Kamloops is an oasis that is tucked away in the semi-arid region of the Thompson Nicola Regional District of British Columbia. This city is surrounded my mountains, rivers valleys, deserts, grasslands and lakes. This area is an ideal playground for the outdoor enthusiast as it boasts an average of 2,000 hours of sunshine annually. Hosting over 100 tournaments a year, Kamloops is also known as Canada’s tournament capital.
No visit to Kamloops would be complete without a visit to the 1927 restored heritage CN train station, home to the wonderfully restored 2141 Spirit of Kamloops train. It was a warm summer evening as we departed just before sunset on our one-hour train ride. Riding in an open car was a treat as it gave all passengers a panoramic view of their surroundings throughout the journey. We crossed over the scenic south Thompson River on a steel trestle bridge. We stopped on the bridge and saw people boating and paddling on the river underneath the trestle. We made our way onto the First Nations land and passed by St. Joseph’s Church and a cemetery. It was so picturesque as houses were sprawled throughout the semi-arid region with the rugged mountains as the backdrop
When we arrived at the CN Junction, which is known as mile 0, the train engineer stopped to checked the train. It was time to head back, or should I say chug backwards to the train station. The train slowed down for many photo opportunities while the informative conductor gave us a commentary along the way.
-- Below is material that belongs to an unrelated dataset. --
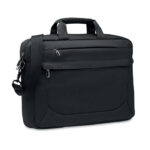 Laptop-Rucksack 600D RPET als Werbeartikel mit Logodruck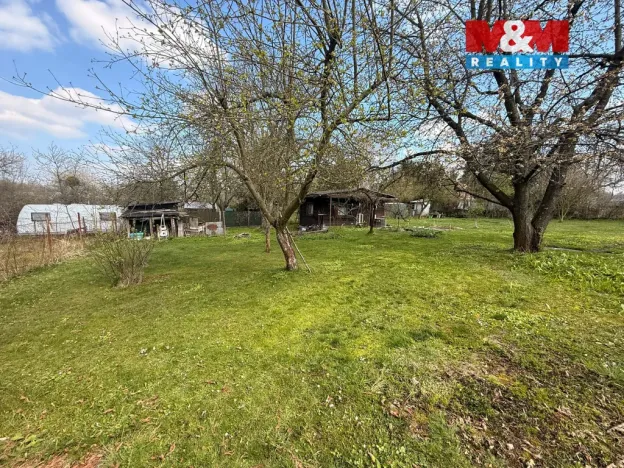Prodej zahrady, Havířov - Prostřední Suchá, 899 m2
On the way back to the station, the conductor picked up a message using an old-fashioned hoop. The message was warning us that masked bandits on horses were seen in the area. And sure enough, I heard gunshots and yelling. It was Bill Miner and his gang looking for a bag of gold on the train. Bill skillfully got off his horse, and hopped on board the train. He looked around and then took me as hostage, demanding that I tell him where the bag of gold was. I played along and gave him a hard time. But in the end, he eventually found the gold. It was a great reenactment of the past and fantastic way to end this adventure. Everyone had a blast!
What I found amazing were the faithful and dedicated volunteers who restored and ran the Kamloops Heritage Railway. From the person manning the ticket booth to the men who look after the maintenance of the train, these committed people are what keep the railway tradition alive in Kamloops. It is because of them that visitors can re-live the past and enjoy the old-fashion train today!